INSTRUCTIONS TO FOLLOW: In the records that follow, the lines from the one containing "Bridal Makeup Application" to the one containing "2Pcs,Summer Dopamine Color", inclusive, are to be given again exactly.

GIVEN DATA:
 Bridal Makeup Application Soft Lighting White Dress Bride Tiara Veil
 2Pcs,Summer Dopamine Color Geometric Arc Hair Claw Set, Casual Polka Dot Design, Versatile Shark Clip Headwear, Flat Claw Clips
---
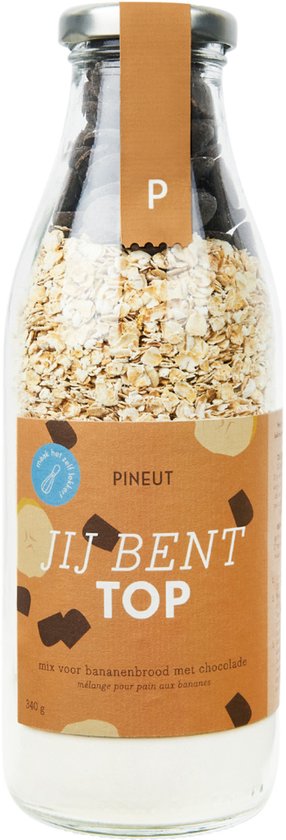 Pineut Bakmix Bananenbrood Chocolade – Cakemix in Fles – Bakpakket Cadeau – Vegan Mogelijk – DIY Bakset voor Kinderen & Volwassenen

SOLUTION FOR THIS TASK:
 Bridal Makeup Application Soft Lighting White Dress Bride Tiara Veil
 2Pcs,Summer Dopamine Color Geometric Arc Hair Claw Set, Casual Polka Dot Design, Versatile Shark Clip Headwear, Flat Claw Clips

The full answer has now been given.